2017 Jul 31

On Timeless Chairs

The minimal simplicity of mid-century design speaks to the contemporary consumer overwhelmed with choice.

Words by Emma Harrison

An object that forms the backbone of the way we relax, eat, read, study, the chair is an iconic piece of furniture that transcends contemporary flavours. Many designers, particularly those who were at their peak at the turn of the century, have recently enjoyed a renaissance with Scandinavian names such as Arne Jacobsen, Finn Juhl and Hans Wegner rising steadily to the top of the pile. A possible reason for this revival is that the minimal simplicity of mid-century design speaks to a contemporary consumer overwhelmed with choice, offering an elegant alternative to mass-produced cookie-cutter shapes. But another may be that the designs pioneered by design giants such as Charles and Ray Eames, Marcel Breuer and Harry Bertoia are able to outlive their period to become truly timeless.

The way in which Breuer was able to take robust, industrial materials and transform them set a precedent for innovation in not just form but also composition.

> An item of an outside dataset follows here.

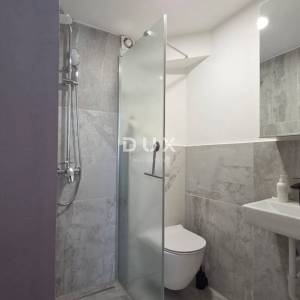 OPATIJA, BRSEČ - Autentična kamena kuća s dva apartmana, 76m2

A graduate of the Bauhaus, Marcel Breuer was a Hungarian-born modernist, architect and furniture designer who developed his own sculptural language to reduce designs to basic elemental lines and planes. The Wassily chair (pictured), designed in 1925-26, was inspired by the frame of a bicycle and became revolutionary in its use of materials of bent tubular steel and manufacturing techniques. The way in which Breuer was able to take robust, formerly industrial materials and transform them set a precedent for innovation in not just form but also composition.
At a time when most chars were crafted from wood, it was Italian-born American Harry Bertoia who further developed Breuer’s experimentations with industrial materials. A few decades after Breuer, Bertoia created his iconic wire chairs (pictured) made from springy welded lattice. Designed in 1952 they brought grace to otherwise side-lined materials and opened up chair design to enable further material experimentation and reduction in form.
It is testament to their sculptural shapes and innovative methods that these designs, along many others from the mid-century, have endured for so long. And with no sign of the appetite for mid-century revival subsiding, we can expect to see those recognisable frames and moulded shapes across homes for years to come.